Discover top-rated AI tools by listing Spark assets with the highest download counts. Filter by asset type and set result limits to find popular agents, skills, prompts, and connectors.

Instructions

List the most popular Spark assets by download count. Great for discovering top-rated AI tools.

Input Schema

TableJSON Schema
NameRequiredDescriptionDefault
typeNoFilter by asset type
limitNoNumber of results (1-20, default 10)

Implementation Reference

  • The list_popular tool registration and handler function. It calls the Spark API with sort='popular' parameter, filters by optional asset type, formats results using formatAssetSummary helper, and returns a ranked list of assets by downloads.
    server.tool(
      "list_popular",
      "List the most popular Spark assets by download count.
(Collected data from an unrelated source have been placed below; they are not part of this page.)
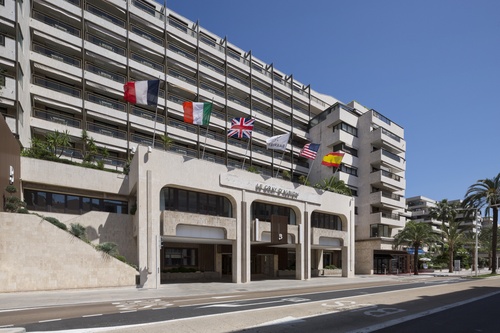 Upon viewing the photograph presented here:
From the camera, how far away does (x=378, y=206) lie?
59688 mm

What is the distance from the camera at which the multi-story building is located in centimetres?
3284

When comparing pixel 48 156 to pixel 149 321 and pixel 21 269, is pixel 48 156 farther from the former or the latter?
pixel 149 321

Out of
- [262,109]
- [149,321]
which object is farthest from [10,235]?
[262,109]

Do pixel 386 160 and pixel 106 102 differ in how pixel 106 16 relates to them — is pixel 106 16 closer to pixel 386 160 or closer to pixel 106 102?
pixel 106 102

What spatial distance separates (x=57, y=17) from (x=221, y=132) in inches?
999

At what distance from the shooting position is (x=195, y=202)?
1286 inches

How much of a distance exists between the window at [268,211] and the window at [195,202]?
3.69 metres

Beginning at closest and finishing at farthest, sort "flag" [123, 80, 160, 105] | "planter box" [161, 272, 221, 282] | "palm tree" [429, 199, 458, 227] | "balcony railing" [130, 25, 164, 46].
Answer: "flag" [123, 80, 160, 105]
"planter box" [161, 272, 221, 282]
"balcony railing" [130, 25, 164, 46]
"palm tree" [429, 199, 458, 227]

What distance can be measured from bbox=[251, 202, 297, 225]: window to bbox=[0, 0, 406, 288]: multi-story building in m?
0.12

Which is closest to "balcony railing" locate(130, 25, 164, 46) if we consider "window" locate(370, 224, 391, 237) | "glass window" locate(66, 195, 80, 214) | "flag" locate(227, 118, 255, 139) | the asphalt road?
"flag" locate(227, 118, 255, 139)

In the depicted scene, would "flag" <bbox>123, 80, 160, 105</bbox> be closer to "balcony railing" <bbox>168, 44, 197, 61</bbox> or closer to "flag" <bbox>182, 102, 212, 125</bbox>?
"flag" <bbox>182, 102, 212, 125</bbox>

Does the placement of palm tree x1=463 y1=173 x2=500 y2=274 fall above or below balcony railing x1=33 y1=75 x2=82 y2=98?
below

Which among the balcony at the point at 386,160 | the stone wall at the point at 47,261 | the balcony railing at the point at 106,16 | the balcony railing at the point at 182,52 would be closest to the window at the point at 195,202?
the stone wall at the point at 47,261

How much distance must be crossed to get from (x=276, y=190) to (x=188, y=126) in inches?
746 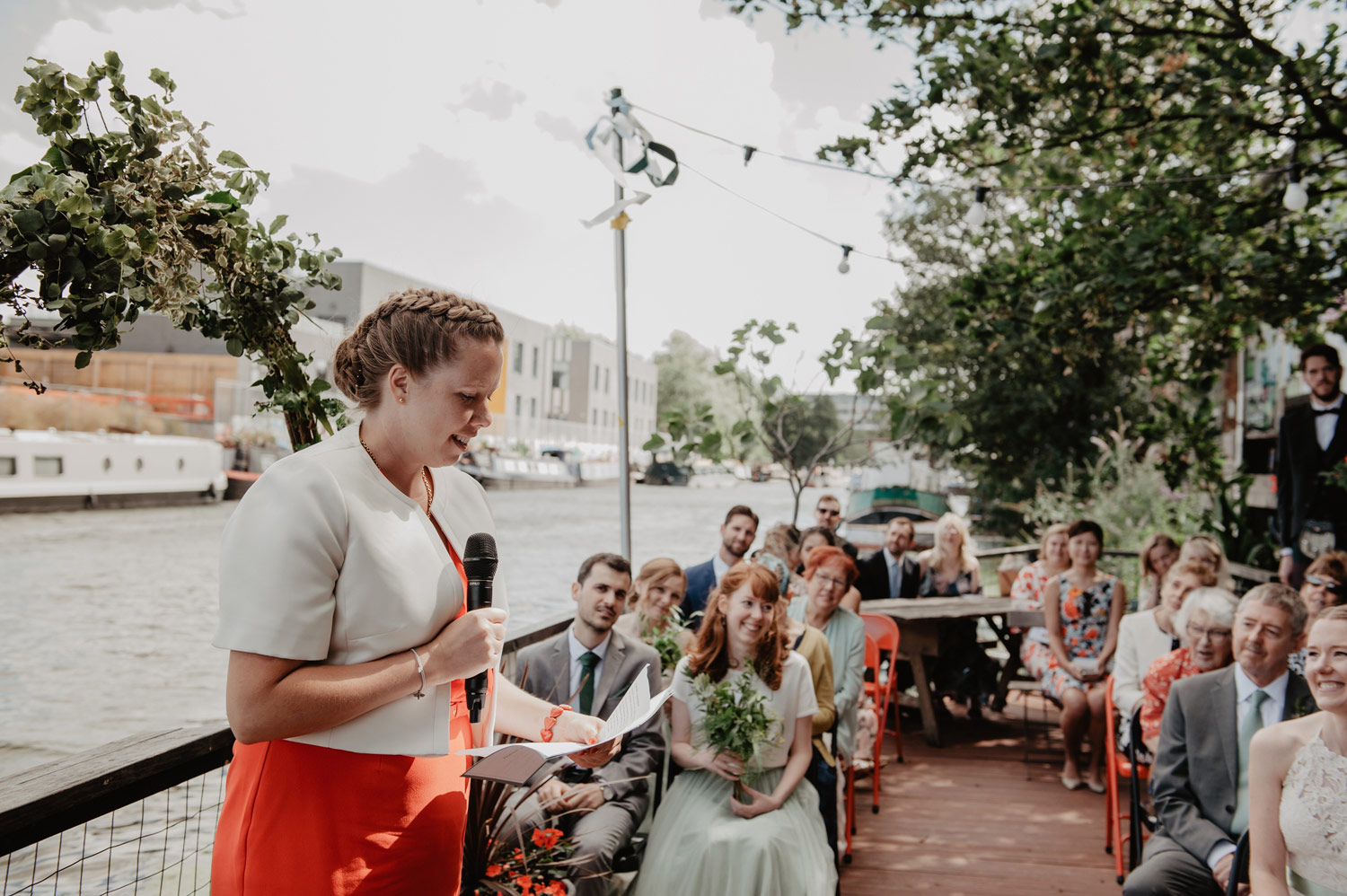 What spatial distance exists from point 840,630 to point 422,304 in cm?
355

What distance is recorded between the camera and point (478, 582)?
1.41m

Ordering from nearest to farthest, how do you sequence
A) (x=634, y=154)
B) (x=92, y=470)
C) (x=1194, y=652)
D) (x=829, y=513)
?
1. (x=1194, y=652)
2. (x=634, y=154)
3. (x=829, y=513)
4. (x=92, y=470)

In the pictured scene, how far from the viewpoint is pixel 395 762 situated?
127 centimetres

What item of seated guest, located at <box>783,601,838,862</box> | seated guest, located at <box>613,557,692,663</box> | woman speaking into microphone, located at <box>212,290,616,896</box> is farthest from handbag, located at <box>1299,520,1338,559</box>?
woman speaking into microphone, located at <box>212,290,616,896</box>

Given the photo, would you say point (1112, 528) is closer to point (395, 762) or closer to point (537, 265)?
point (537, 265)

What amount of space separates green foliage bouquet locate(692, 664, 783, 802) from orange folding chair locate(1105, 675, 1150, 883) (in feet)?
4.26

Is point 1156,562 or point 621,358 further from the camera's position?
point 1156,562

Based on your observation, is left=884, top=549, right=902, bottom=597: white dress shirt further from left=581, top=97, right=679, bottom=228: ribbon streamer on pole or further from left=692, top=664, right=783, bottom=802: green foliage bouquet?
left=692, top=664, right=783, bottom=802: green foliage bouquet

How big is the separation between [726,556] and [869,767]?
57.3 inches

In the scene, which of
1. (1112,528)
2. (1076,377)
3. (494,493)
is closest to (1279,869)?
(1112,528)

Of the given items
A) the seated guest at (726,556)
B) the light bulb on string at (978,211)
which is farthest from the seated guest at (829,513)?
the light bulb on string at (978,211)

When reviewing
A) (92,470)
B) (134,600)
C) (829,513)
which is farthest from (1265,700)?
(92,470)

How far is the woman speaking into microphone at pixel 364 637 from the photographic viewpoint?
1.12m

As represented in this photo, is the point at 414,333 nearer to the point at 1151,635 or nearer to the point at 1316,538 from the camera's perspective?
the point at 1151,635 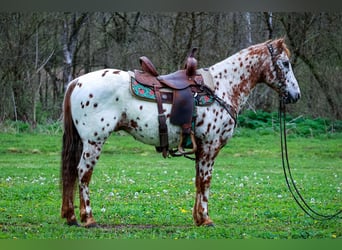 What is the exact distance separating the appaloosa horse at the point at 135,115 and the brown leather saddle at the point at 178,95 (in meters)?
0.07

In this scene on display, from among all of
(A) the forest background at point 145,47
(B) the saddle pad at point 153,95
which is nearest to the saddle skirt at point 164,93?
(B) the saddle pad at point 153,95

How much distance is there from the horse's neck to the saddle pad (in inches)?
11.8

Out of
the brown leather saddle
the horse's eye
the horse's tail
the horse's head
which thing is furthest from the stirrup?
the horse's eye

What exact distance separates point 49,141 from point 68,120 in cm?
717

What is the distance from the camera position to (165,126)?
5723mm

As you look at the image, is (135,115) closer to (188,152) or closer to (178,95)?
(178,95)

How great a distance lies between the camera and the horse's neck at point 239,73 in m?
6.13

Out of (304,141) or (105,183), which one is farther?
(304,141)

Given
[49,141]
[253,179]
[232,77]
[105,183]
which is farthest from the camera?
[49,141]

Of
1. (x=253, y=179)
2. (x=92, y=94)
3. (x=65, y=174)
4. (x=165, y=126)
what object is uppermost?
(x=92, y=94)

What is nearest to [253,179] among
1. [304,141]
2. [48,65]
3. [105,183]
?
[105,183]

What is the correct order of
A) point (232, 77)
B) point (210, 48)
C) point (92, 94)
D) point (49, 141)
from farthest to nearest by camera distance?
1. point (210, 48)
2. point (49, 141)
3. point (232, 77)
4. point (92, 94)

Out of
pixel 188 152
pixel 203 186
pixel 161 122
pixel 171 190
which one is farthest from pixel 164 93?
pixel 171 190

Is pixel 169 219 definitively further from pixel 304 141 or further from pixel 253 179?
pixel 304 141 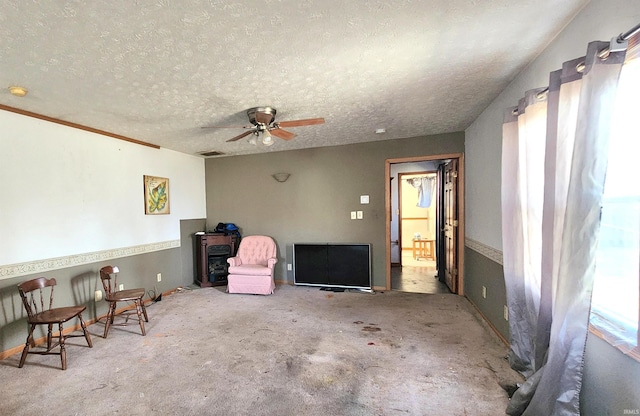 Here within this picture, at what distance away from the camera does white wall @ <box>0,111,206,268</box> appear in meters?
2.59

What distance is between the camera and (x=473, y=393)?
1877 millimetres

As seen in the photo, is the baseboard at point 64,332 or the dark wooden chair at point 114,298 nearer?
the baseboard at point 64,332

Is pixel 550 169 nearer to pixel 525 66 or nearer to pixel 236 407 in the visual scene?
pixel 525 66

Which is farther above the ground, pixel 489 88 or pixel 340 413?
pixel 489 88

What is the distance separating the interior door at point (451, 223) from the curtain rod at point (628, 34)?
9.83 feet

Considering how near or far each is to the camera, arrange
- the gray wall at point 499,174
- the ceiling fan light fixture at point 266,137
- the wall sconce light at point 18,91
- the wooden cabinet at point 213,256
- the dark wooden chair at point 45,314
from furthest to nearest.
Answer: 1. the wooden cabinet at point 213,256
2. the ceiling fan light fixture at point 266,137
3. the dark wooden chair at point 45,314
4. the wall sconce light at point 18,91
5. the gray wall at point 499,174

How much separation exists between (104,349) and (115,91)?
239 cm

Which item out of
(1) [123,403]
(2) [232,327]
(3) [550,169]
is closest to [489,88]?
(3) [550,169]

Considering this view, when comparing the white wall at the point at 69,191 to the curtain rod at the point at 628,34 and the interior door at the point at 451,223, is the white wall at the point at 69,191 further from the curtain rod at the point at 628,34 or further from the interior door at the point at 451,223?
the interior door at the point at 451,223

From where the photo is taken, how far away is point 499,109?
100 inches

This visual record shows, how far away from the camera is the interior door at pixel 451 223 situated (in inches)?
158

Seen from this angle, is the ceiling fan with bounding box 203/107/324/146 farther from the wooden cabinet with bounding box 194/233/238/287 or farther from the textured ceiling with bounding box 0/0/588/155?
the wooden cabinet with bounding box 194/233/238/287

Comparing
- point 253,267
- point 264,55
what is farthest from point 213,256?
point 264,55

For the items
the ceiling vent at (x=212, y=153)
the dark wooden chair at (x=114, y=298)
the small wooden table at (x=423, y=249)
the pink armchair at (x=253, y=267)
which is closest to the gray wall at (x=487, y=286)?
the pink armchair at (x=253, y=267) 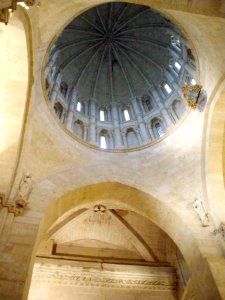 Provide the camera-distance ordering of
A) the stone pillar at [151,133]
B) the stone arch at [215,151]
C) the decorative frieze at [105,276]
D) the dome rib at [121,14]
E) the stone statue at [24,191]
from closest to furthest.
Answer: the stone statue at [24,191] → the stone arch at [215,151] → the decorative frieze at [105,276] → the stone pillar at [151,133] → the dome rib at [121,14]

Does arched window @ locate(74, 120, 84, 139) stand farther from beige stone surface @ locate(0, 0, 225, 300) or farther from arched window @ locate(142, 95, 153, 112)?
arched window @ locate(142, 95, 153, 112)

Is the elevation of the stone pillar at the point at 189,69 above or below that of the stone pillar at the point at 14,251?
above

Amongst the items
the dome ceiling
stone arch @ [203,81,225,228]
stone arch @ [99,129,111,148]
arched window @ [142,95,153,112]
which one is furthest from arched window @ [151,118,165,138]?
stone arch @ [203,81,225,228]

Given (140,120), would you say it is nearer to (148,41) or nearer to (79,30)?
(148,41)

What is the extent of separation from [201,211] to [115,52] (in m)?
12.9

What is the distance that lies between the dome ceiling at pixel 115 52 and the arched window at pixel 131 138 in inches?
A: 113

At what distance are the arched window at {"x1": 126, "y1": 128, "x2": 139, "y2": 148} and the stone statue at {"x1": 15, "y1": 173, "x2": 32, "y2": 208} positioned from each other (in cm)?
561

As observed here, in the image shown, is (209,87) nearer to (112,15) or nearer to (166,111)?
(166,111)

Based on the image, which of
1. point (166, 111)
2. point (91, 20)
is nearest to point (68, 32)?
point (91, 20)

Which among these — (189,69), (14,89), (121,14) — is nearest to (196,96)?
(189,69)

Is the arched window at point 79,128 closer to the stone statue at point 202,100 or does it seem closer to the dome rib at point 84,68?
the dome rib at point 84,68

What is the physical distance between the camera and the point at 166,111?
1439 centimetres

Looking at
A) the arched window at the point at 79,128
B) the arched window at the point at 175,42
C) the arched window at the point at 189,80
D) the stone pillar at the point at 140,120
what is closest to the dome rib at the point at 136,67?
the stone pillar at the point at 140,120

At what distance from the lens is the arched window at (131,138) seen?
14.0 meters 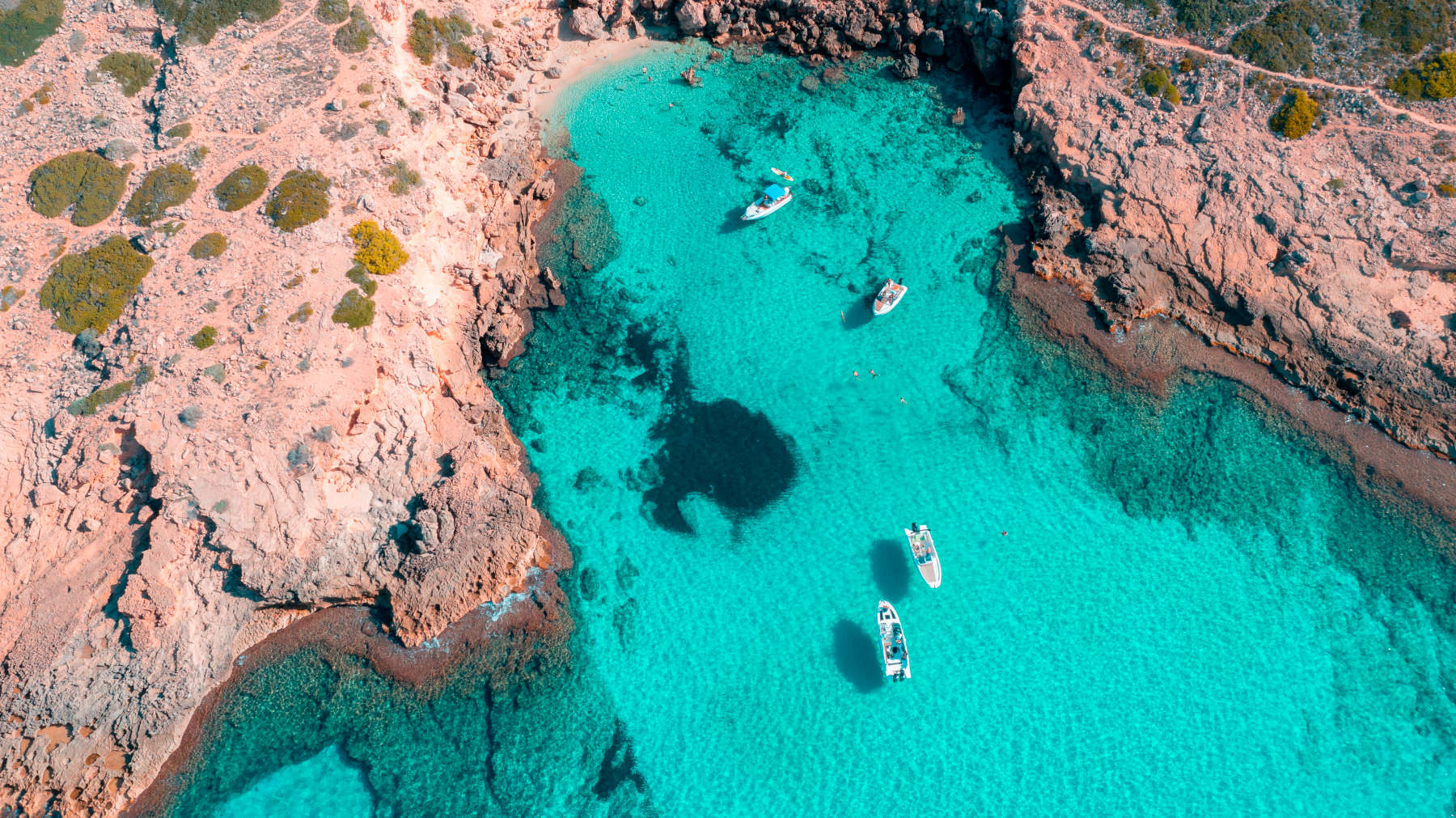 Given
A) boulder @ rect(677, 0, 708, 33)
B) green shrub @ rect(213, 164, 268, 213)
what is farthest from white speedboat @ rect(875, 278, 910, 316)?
green shrub @ rect(213, 164, 268, 213)

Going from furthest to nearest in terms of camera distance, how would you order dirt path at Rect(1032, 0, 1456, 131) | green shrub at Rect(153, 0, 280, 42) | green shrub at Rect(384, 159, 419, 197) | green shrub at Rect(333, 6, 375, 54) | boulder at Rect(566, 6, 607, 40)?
boulder at Rect(566, 6, 607, 40) < green shrub at Rect(333, 6, 375, 54) < green shrub at Rect(153, 0, 280, 42) < green shrub at Rect(384, 159, 419, 197) < dirt path at Rect(1032, 0, 1456, 131)

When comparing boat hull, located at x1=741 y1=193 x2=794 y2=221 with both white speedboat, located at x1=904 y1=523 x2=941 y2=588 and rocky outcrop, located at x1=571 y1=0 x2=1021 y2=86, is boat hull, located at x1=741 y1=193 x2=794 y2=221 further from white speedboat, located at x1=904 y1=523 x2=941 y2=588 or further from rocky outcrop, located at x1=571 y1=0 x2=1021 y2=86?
white speedboat, located at x1=904 y1=523 x2=941 y2=588

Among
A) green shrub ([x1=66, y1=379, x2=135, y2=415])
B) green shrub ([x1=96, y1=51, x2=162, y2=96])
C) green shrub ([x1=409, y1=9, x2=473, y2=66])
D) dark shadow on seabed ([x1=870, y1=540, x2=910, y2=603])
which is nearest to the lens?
dark shadow on seabed ([x1=870, y1=540, x2=910, y2=603])

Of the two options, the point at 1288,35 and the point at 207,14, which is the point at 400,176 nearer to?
the point at 207,14

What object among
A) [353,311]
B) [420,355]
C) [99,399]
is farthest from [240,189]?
[420,355]

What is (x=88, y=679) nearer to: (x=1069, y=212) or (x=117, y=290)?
(x=117, y=290)

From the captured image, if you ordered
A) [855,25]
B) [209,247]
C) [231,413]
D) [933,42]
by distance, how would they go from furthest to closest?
[855,25]
[933,42]
[209,247]
[231,413] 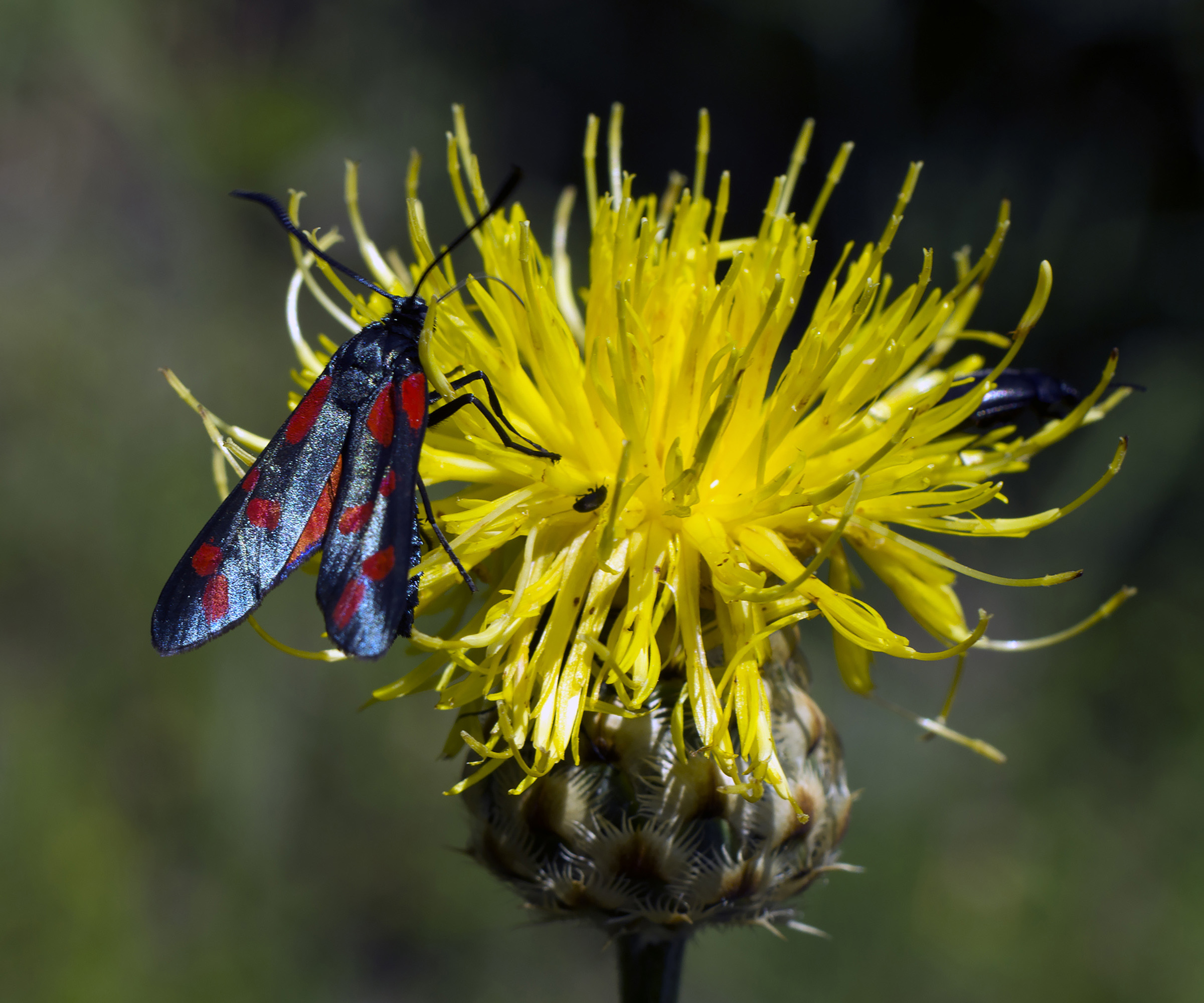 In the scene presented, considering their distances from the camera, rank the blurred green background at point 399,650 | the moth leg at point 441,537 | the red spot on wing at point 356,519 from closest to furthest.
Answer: the red spot on wing at point 356,519 < the moth leg at point 441,537 < the blurred green background at point 399,650

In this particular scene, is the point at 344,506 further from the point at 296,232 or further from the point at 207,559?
the point at 296,232

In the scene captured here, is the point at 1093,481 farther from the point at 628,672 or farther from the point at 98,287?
the point at 98,287

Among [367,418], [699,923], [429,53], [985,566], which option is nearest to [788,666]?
[699,923]

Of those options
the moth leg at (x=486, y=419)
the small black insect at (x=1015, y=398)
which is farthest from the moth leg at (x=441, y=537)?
the small black insect at (x=1015, y=398)

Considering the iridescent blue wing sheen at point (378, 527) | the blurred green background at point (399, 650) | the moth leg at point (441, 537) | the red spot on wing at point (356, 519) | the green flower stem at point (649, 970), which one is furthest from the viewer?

Great for discovering top-rated AI tools.",
      {
        type: z
          .enum(["agent", "skill", "prompt", "prompt_chain", "mcp_connector", "bundle"])
          .optional()
          .describe("Filter by asset type"),
        limit: z.number().min(1).max(20).default(10).describe("Number of results (1-20, default 10)"),
      },
      async ({ type, limit }) => {
        const params = new URLSearchParams();
        params.set("sort", "popular");
        params.set("page_size", String(limit));
        if (type) params.set("asset_type", type);
    
        const res = await sparkApi<PaginatedResponse<AssetListItem>>(
          `/assets?${params.toString()}`
        );
    
        const text = [
          `Top ${res.items.length} ${type || "all"} assets by downloads:`,
          "",
          ...res.items.map(
            (a, i) => `${i + 1}. ${formatAssetSummary(a)}`
          ),
        ].join("\n");
    
        return { content: [{ type: "text" as const, text }] };
      }
    );
  • The formatAssetSummary helper function used by list_popular to format each asset into a readable markdown string with badges, rating, downloads, pricing, tags, domains, and URL.
    function formatAssetSummary(a: AssetListItem): string {
      const badges = [
        a.is_featured ? "Featured" : "",
        a.is_verified ? "Verified" : "",
      ]
        .filter(Boolean)
        .join(", ");
      const badgeStr = badges ? ` [${badges}]` : "";
    
      return [
        `**${a.title}**${badgeStr}`,
        `Type: ${a.type} | Rating: ${a.rating_avg.toFixed(1)}/5 (${a.rating_count}) | Downloads: ${a.downloads_count}`,
        `${a.short_description}`,
        `Price: ${a.pricing_type === "free" ? "Free" : `${a.price_credits} EVC`}`,
        a.ai_tags.length ? `AI Models: ${a.ai_tags.join(", ")}` : "",
        a.domain_tags.length
          ? `Domains: ${a.domain_tags.map((d) => d.child_name).join(", ")}`
          : "",
        `URL: ${assetUrl(a)}`,
      ]
        .filter(Boolean)
        .join("\n");
    }
  • AssetListItem interface defining the shape of asset data returned from the Spark API, which is used by list_popular to type the response items.
    interface AssetListItem {
      id: string;
      type: string;
      title: string;
      slug: string;
      short_description: string;
      ai_tags: string[];
      domain_tags: { parent_name: string; child_name: string; child_slug: string }[];
      pricing_type: string;
      price_credits: number;
      downloads_count: number;
      rating_avg: number;
      rating_count: number;
      is_featured: boolean;
      is_verified: boolean;
      created_at: string;
    }
  • PaginatedResponse generic interface defining the paginated API response structure used by list_popular to type the API response.
    interface PaginatedResponse<T> {
      items: T[];
      total: number;
      page: number;
      page_size: number;
    }
  • The sparkApi HTTP helper function used by list_popular to make authenticated requests to the Spark API endpoint with proper error handling.
    async function sparkApi<T = unknown>(path: string): Promise<T> {
      const url = `${SPARK_API}${path}`;
      const res = await fetch(url, {
        headers: { Accept: "application/json" },
      });
      if (!res.ok) {
        const text = await res.text().catch(() => res.statusText);
        throw new Error(`Spark API ${res.status}: ${text}`);
      }
      return res.json() as Promise<T>;
    }

Latest Blog Posts

MCP directory API

We provide all the information about MCP servers via our MCP API.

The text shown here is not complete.